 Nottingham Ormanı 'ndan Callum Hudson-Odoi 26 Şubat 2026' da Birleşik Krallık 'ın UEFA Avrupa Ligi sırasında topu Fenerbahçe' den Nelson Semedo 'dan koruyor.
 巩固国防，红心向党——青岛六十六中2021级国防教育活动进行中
...
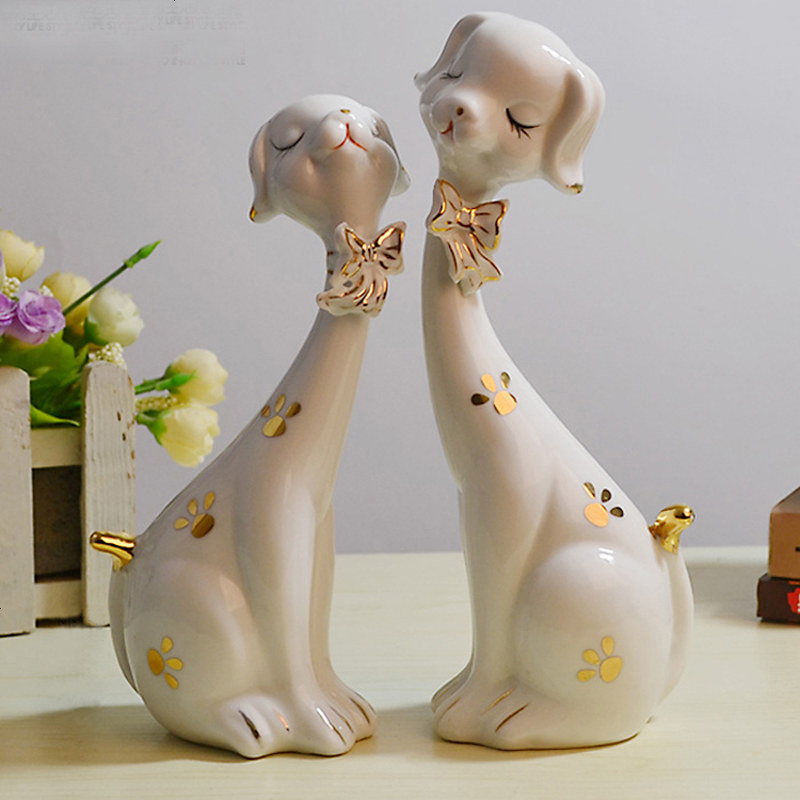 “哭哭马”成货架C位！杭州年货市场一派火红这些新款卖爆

What you have to do: From the records above, reproduce exactly the lines from the one with "Nottingham Ormanı 'ndan" to the one with "巩固国防，红心向党——青岛六十六中2021级国防教育活动进行中", both included, and no others.

Output for this task:
 Nottingham Ormanı 'ndan Callum Hudson-Odoi 26 Şubat 2026' da Birleşik Krallık 'ın UEFA Avrupa Ligi sırasında topu Fenerbahçe' den Nelson Semedo 'dan koruyor.
 巩固国防，红心向党——青岛六十六中2021级国防教育活动进行中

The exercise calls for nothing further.